If `alpha` and `1/alpha` are the zeroes of the quadratic polynomial `2x^2-x+8k`, then k is:

To find the value of \( k \) given that \(\alpha\) and \(\frac{1}{\alpha}\) are the zeroes of the quadratic polynomial \(2x^2 - x + 8k\), follow these steps: 1. **Identify the coefficients**: The given quadratic polynomial is \(2x^2 - x + 8k\).

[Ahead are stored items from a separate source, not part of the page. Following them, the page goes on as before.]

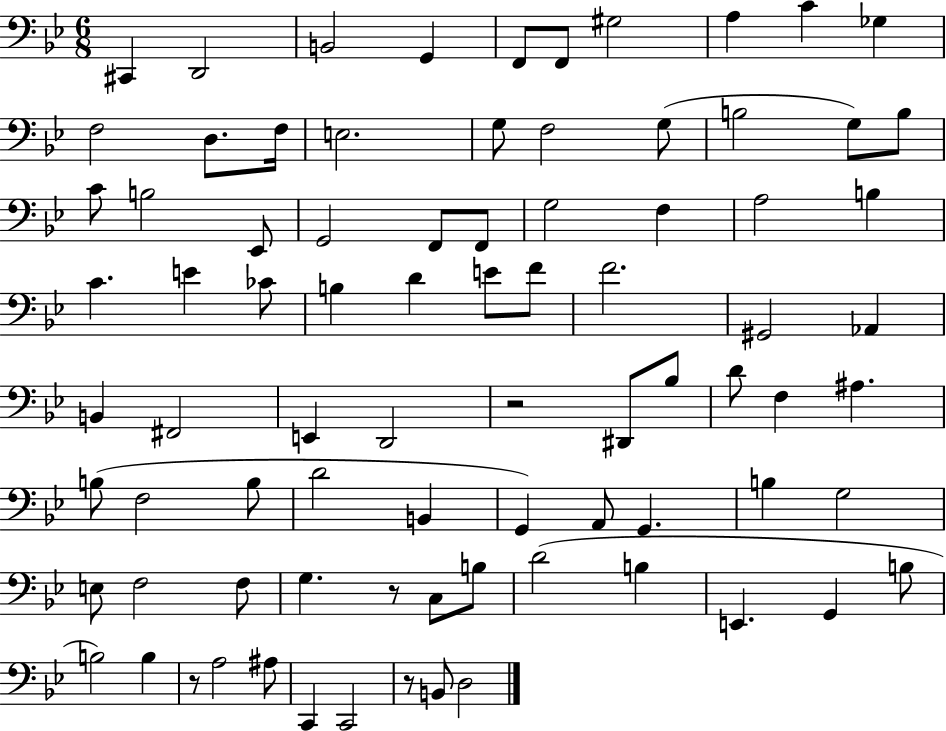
{
  \clef bass
  \numericTimeSignature
  \time 6/8
  \key bes \major
  cis,4 d,2 | b,2 g,4 | f,8 f,8 gis2 | a4 c'4 ges4 | \break f2 d8. f16 | e2. | g8 f2 g8( | b2 g8) b8 | \break c'8 b2 ees,8 | g,2 f,8 f,8 | g2 f4 | a2 b4 | \break c'4. e'4 ces'8 | b4 d'4 e'8 f'8 | f'2. | gis,2 aes,4 | \break b,4 fis,2 | e,4 d,2 | r2 dis,8 bes8 | d'8 f4 ais4. | \break b8( f2 b8 | d'2 b,4 | g,4) a,8 g,4. | b4 g2 | \break e8 f2 f8 | g4. r8 c8 b8 | d'2( b4 | e,4. g,4 b8 | \break b2) b4 | r8 a2 ais8 | c,4 c,2 | r8 b,8 d2 | \break \bar "|."
}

Here, the coefficients are: \[ a = 2, \quad b = -1, \quad c = 8k \] 2. **Use the properties of zeroes**: For a quadratic polynomial \(ax^2 + bx + c\) with zeroes \(\alpha\) and \(\beta\), the sum and product of the zeroes are given by: \[ \alpha + \beta = -\frac{b}{a} \quad \text{and} \quad \alpha \beta = \frac{c}{a} \] Given the zeroes are \(\alpha\) and \(\frac{1}{\alpha}\), we can use these properties. 3. **Sum of the zeroes**: \[ \alpha + \frac{1}{\alpha} = -\frac{b}{a} = -\frac{-1}{2} = \frac{1}{2} \] 4. **Product of the zeroes**: \[ \alpha \cdot \frac{1}{\alpha} = \frac{c}{a} = \frac{8k}{2} = 4k \] Since \(\alpha \cdot \frac{1}{\alpha} = 1\), we have: \[ 1 = 4k \] 5. **Solve for \(k\)**: \[ 4k = 1 \implies k = \frac{1}{4} \] Thus, the value of \( k \) is \(\frac{1}{4}\).